Às vezes se tem a impressão de que o Brasil
vive em duas realidades. Estamos no país que quer acabar com a impunidade de
quem atenta contra a democracia, e estamos também no país que considera este um
crime menor e, portanto, passível de redução de penas e até, quem sabe, de
anistia. Moramos no país que colocou na prisão um ex-presidente, os generais e
coronéis que o ajudaram na tentativa de golpe de Estado. E estamos no país que
faz acordo político para tirá-los da prisão o mais rapidamente possível.
Não houve qualquer tentativa de disfarce dos políticos. Eles
não se importaram quando centenas de brasileiros foram condenados pelos
atentados de 8 de janeiro, no ataque físico às sedes dos Três Poderes. Quando
eram esses condenados, anônimos em sua maioria, o sistema político nada fez.
Mas foi só chegar aos organizadores do golpe de Estado que tudo começou a
mudar.
Com
o nome de PL da Dosimetria, a Câmara dos Deputados e o Senado aprovaram em
tempo recorde essa semianistia. Ela muda a lei de execuções penais.
Muda até a lei —unificando dois crimes diferentes — que foi aprovada no governo
passado e sancionada pelo próprio Jair Bolsonaro, então presidente.

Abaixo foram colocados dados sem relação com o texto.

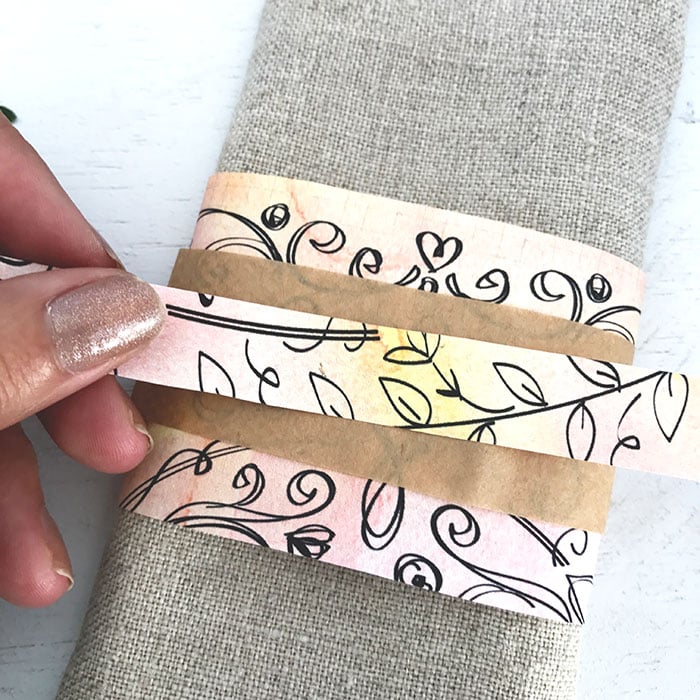 adding paper with doodles to a napkin ring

O que o Brasil fez ao longo de toda a sua história, foi
perdoar golpistas e em seguida enfrentar outra tentativa de golpe, perdoar
golpistas e ter que passar por longa ditadura. Desta vez, o país acaba de
condenar, dentro do devido processo legal, com amplo direito de defesa, 29
integrantes da cúpula do golpe. Dois foram absolvidos, o general Estevam Cals
Theophilo Gaspar De Oliveira e um delegado da Polícia Federal Fernando
Oliveira.
O trabalho, na verdade, ainda nem acabou. Falta julgar os
financiadores do golpe. Até agora a Primeira Turma condenou 810 pessoas, 395
por crimes mais graves, e 415 por crimes menos graves. Houve, ao todo, 14
absolvições. Além disso, 564 pessoas que estavam nos ataques aos Poderes, no 8
de janeiro, fizeram acordos de não persecução penal por serem autores de
infrações menores. A maior parte desse grupo que participou de um crime de
multidão fez acordo, está livre, ou cumpriu pena. Mas quando eles estavam no
banco dos réus ou sendo levados para a prisão, os políticos da direita e do
centrão não se mobilizaram. A mudança de atitude veio quando se chegou à cúpula
e se pegou os verdadeiros culpados.
Entrevistei ontem no meu programa na GloboNews os cientistas
políticos Carolina Botelho e Christian Lynch. Ambos acham que o Brasil continua
prisioneiro do mesmo roteiro de ameaça às instituições. “Não é um diálogo que a
gente parou de ter uma vez que foi eleito um presidente democrata. Não. A gente
continua sob esse tiroteio não democrático, e por isso essa pauta volta”, diz
Carolina. Christian acha que o Brasil já vive a tensão pré-eleitoral: “Tem um
momento em que não vale mais a dinâmica da normalidade democrática
constitucional. Vale mais aquilo que cada ator quer mostrar ao seu eleitor”.
O ato de o Congresso desfazer o trabalho que o STF está
concluindo faz da democracia brasileira uma espécie de Penélope macabra. Foi
penoso tecer a barreira aos golpes de Estado. Foi preciso primeiro resistir
durante quatro anos aos atentados diários do ex-presidente da República às
instituições, depois foi necessário vencer o ataque frontal à democracia. Em
seguida o país investigou, interrogou, denunciou, processou, julgou e condenou
os golpistas. Agora o Congresso está desfazendo o que foi tecido tão arduamente.
Isso nos mantém no mesmo estado de ameaça golpista.
Se eles tivessem vencido não haveria o devido processo
legal. Não haveria qualquer garantia. Ninguém no Congresso pode alegar
desconhecimento do que acontece com o país e seu povo quando a democracia é
abolida. É esse risco que eles trazem de volta.